我们走进小屋,关上门,终于彻底放松了下来。
我瘫坐在椅子上,感觉全身的骨头都散架了。秦娟直接躺在了床上,闭上了眼睛。Shirley杨坐在桌子旁,拿出那个已经碎裂的平板电脑,试图修复它。老胡坐在床边,低头看着自己的腿,活动了一下脚踝。
“感觉怎么样?”我问。
“好多了。”他说,“虽然还有点疼,但比之前好太多了。”
“那就好。”
我靠在椅背上,闭上眼睛,感觉困意如潮水般涌来。
这一觉,我睡了很久很久。
当我醒来的时候,已经是第二天早上了。阳光透过窗户洒进来,在地板上投下一片温暖的光斑。我躺在床上,看着天花板,感觉全身的酸痛已经消退了大半,体力也恢复了不少。
我坐起身,看到Shirley杨正坐在桌子旁,手里拿着一个东西——那是一颗淡蓝色的珠子,和雮尘珠几乎一模一样,但颜色不同。她正在仔细端详着那颗珠子,眉头微微皱着。
“这是什么?”我走过去,问道。
“从那个祭坛上拿到的。”Shirley杨说,“另一颗雮尘珠——或者说,雮尘珠的原型。”
“原型?”
“雮尘珠可能不是筑者制造的。”Shirley杨说,“它可能是那个更古老的文明留下的遗物。筑者发现了它,研究了它的原理,然后仿制了我们现在看到的那些雮尘珠。”
“那这颗珠子有什么用?”
“还不知道。”Shirley杨说,“但我觉得,它可能是解开‘源’的秘密的关键。”
她将那颗珠子小心地收进口袋里,然后站起身:“走吧,我们该回去了。”
我们告别了青云村的村民,沿着山路,向县城的方向走去。
走了整整一天,我们终于到达了县城。在县城里,我们找到了医院,给老胡的腿做了全面的检查和治疗。医生说他的骨折恢复得很好,不需要再做手术,只需要继续休养一段时间就行了。
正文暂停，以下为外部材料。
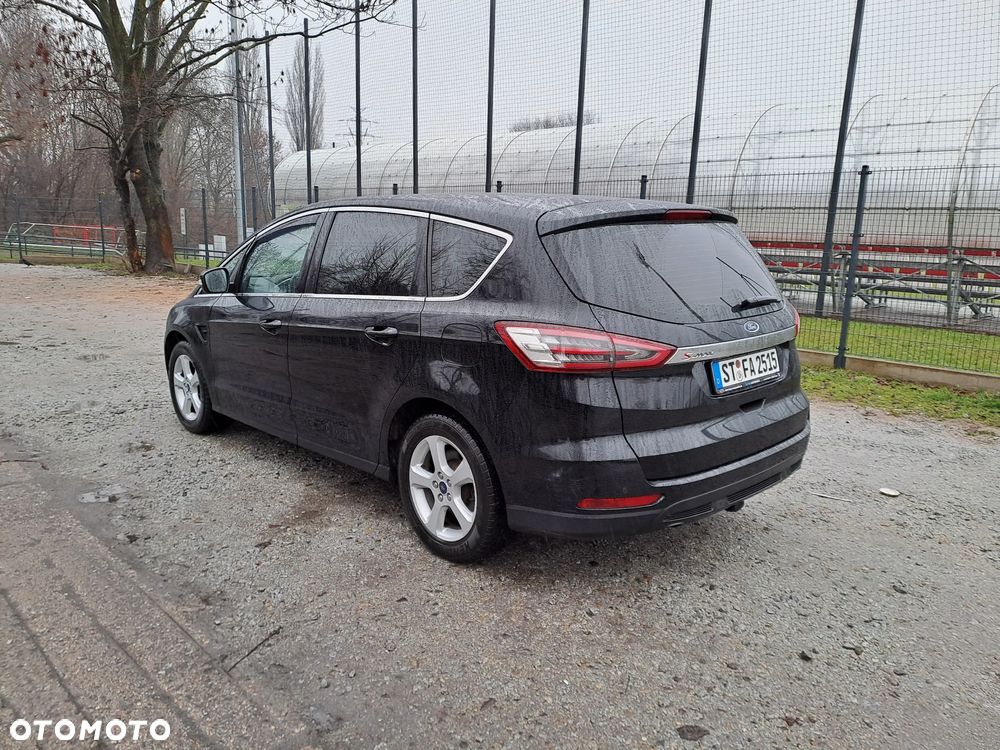 Ford S-Max 2.0 EcoBlue Titanium - 2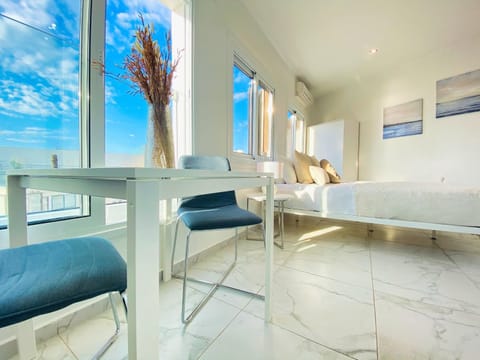 Bed, View (from property/room), Photo of the whole room, Seating area, Dining area, Bedroom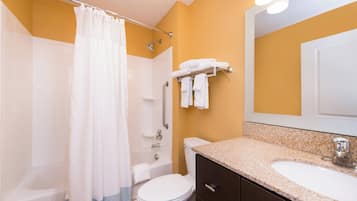 Studio, 1 King-Bett | Badezimmer | Duschwanne, Haartrockner, Handtücher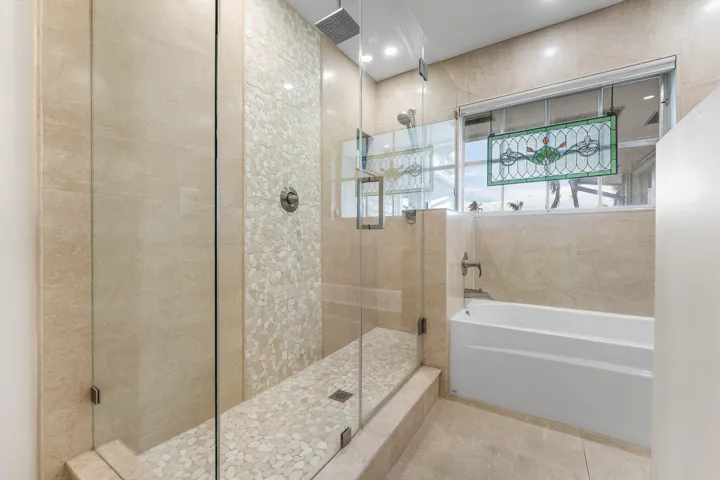 MASTER SHOWER W/ DUAL SHOWER HEADS!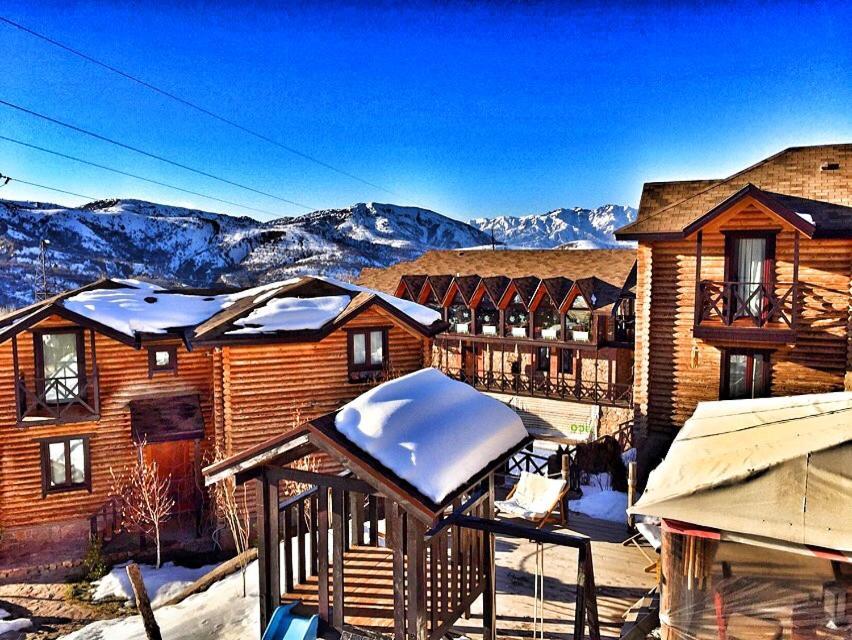 Boutigue Hotel Nebesa Chimgan Exteriör bild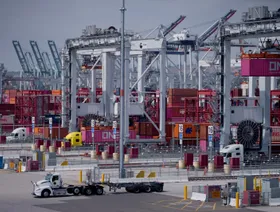 اتساع العجز التجاري الأميركي بأكبر قدر في عامين نتيجة ضعف الصادرات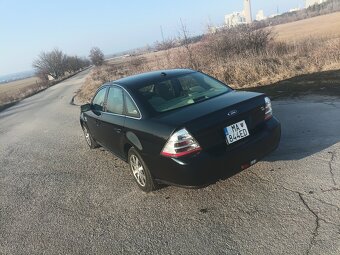 Ford Taurus, 196kw, 4X4 - 3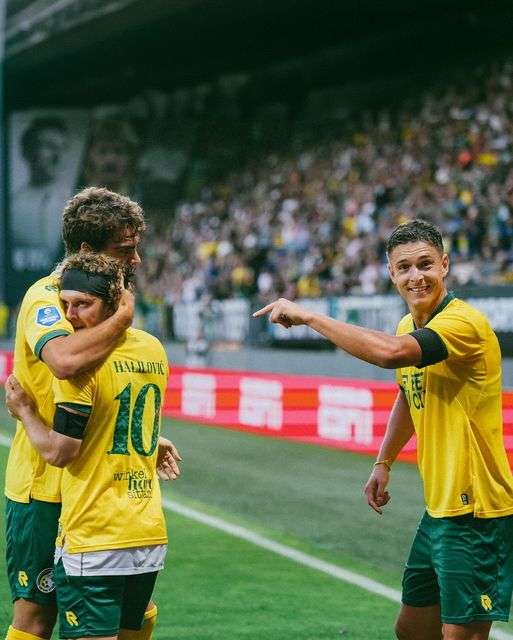 فرحة لاعبي فورتونا سيتارد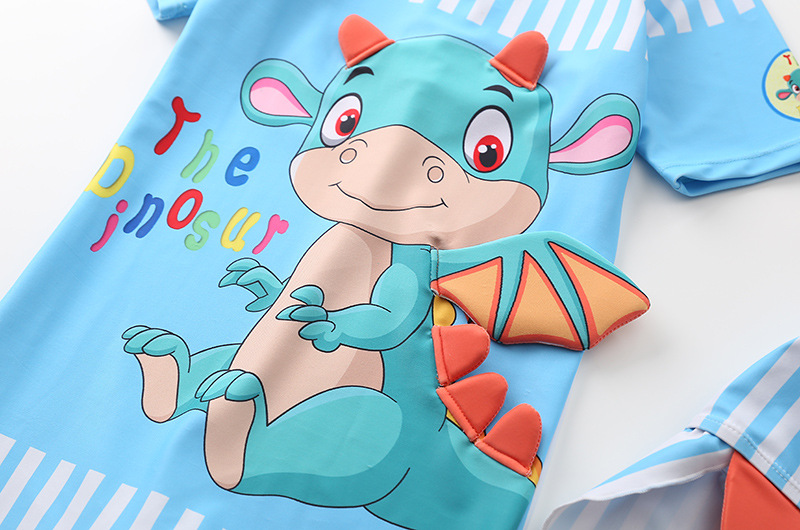 ชุดว่ายน้ำ พร้อมหมวก ลายไดโนเสาร์ สีฟ้า ไซส์ L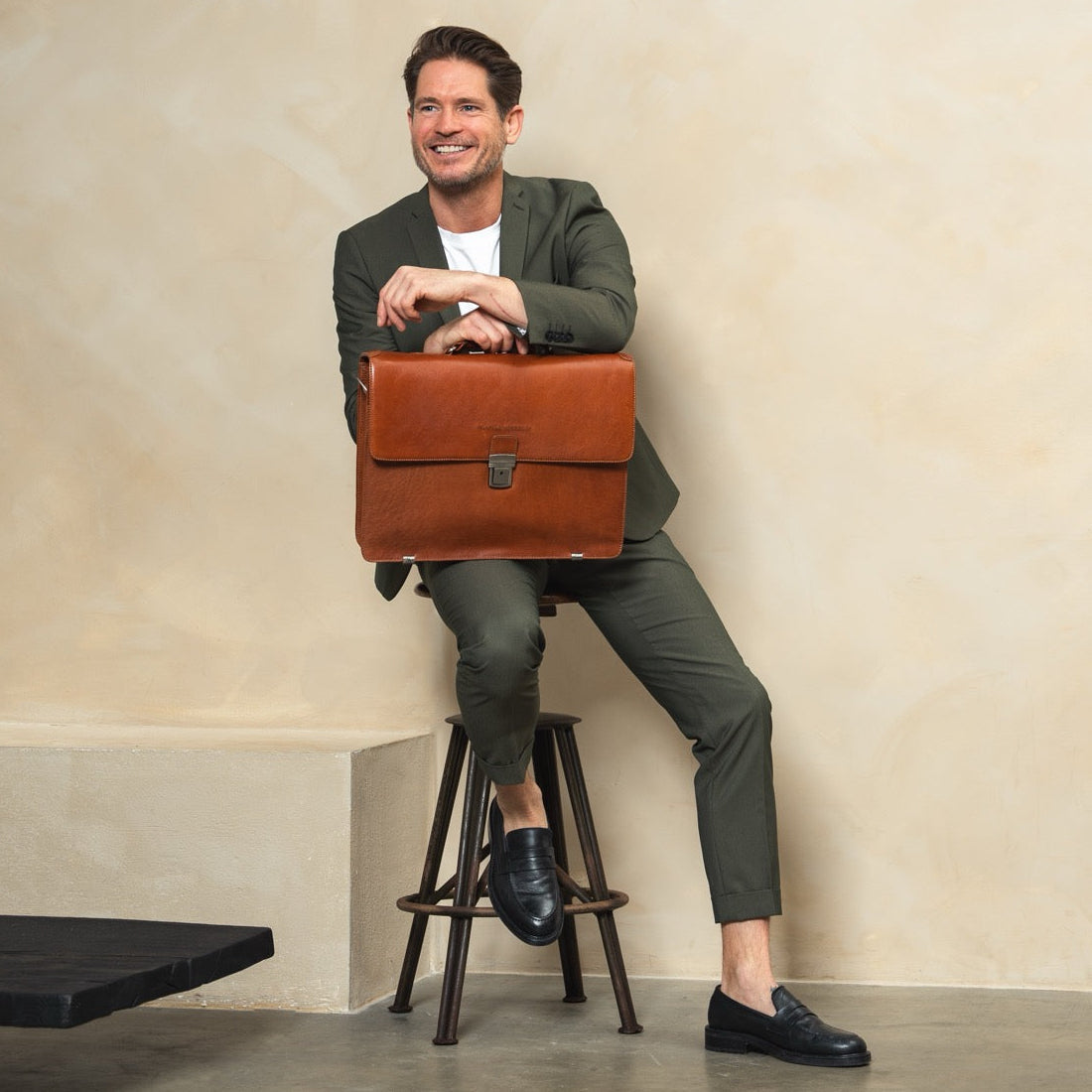 Salvatore Full-Grain Leather Briefcase da Uomo – Vista prodotto alternativa 3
我们又找到了当地的公安局,补办了身份证件——我们的证件都在河水中丢失了。公安局的民警很热情,听了我们的“山难遭遇”后,很快就帮我们办好了临时证件。
然后,我们买了火车票,踏上了回家的路。
火车在群山间穿行,窗外的风景不断变换——青山、绿水、田野、村庄——一切都是那么熟悉,那么亲切。
我靠在座位上,看着窗外飞速后退的风景,心中感慨万千。
一切都结束了。
我们回家了。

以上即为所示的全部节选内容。